---------- Input data

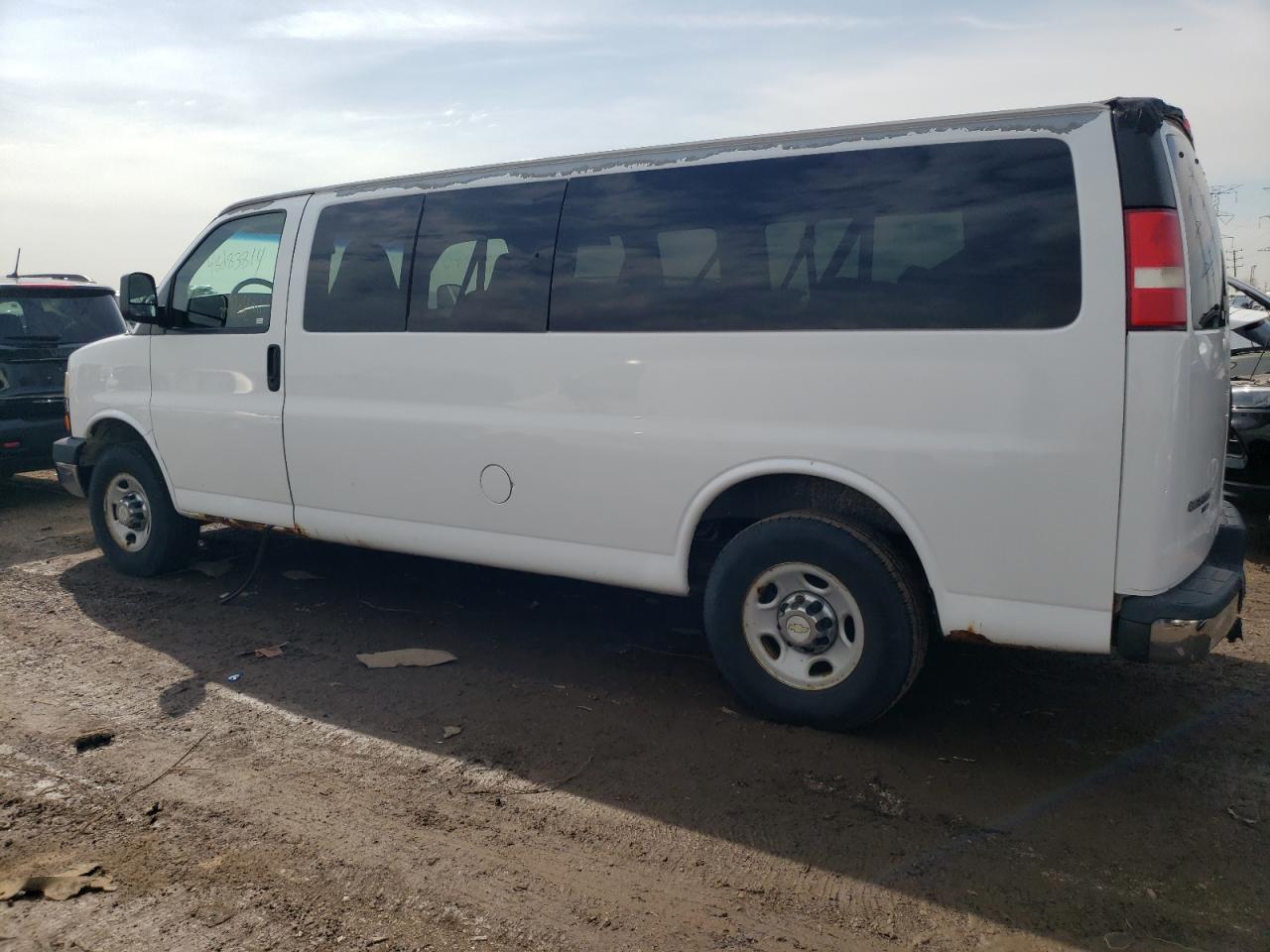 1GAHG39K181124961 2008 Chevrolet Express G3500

--------------------
---------- Input data

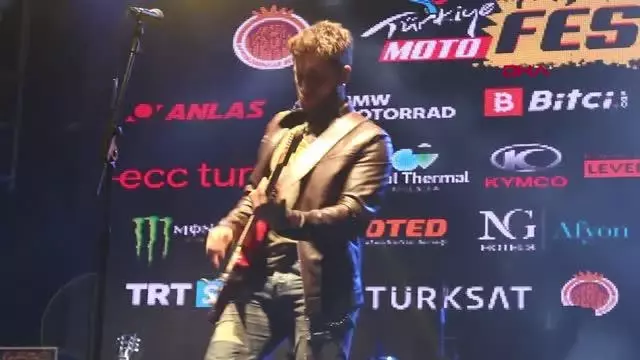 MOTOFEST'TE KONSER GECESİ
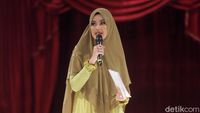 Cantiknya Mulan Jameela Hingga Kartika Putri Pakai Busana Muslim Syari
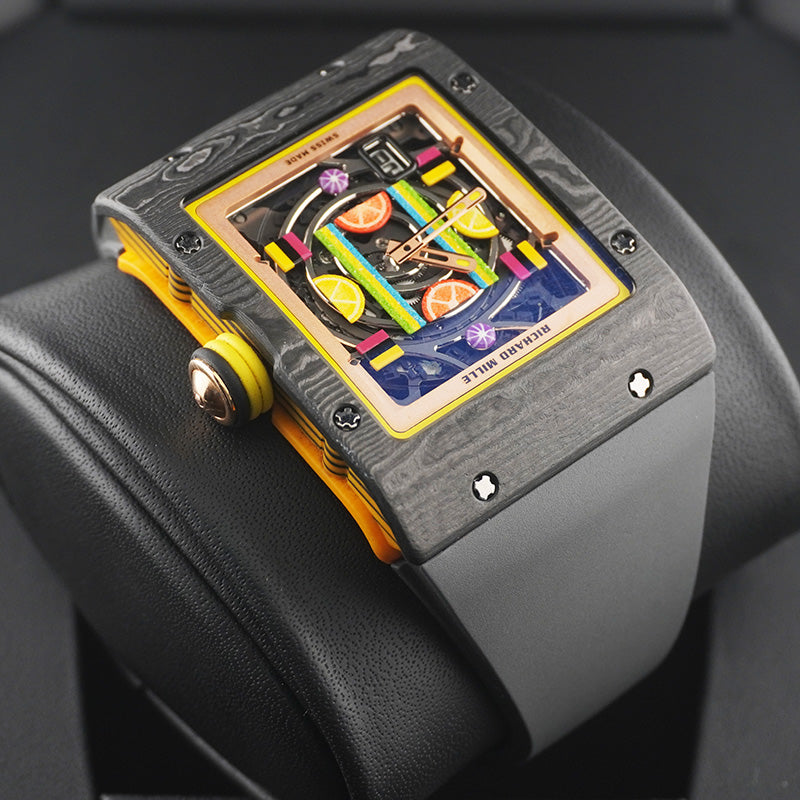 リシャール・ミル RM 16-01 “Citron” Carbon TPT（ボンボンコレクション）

--------------------
---------- Input data

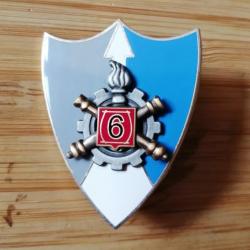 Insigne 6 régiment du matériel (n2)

--------------------

■ Exercise description
Copy back exactly the lines above from the one containing "Cantiknya Mulan Jameela" through the one containing "リシャール・ミル RM 16-01", and leave every picture behind.

■ Problem solution
 Cantiknya Mulan Jameela Hingga Kartika Putri Pakai Busana Muslim Syari
 リシャール・ミル RM 16-01 “Citron” Carbon TPT（ボンボンコレクション）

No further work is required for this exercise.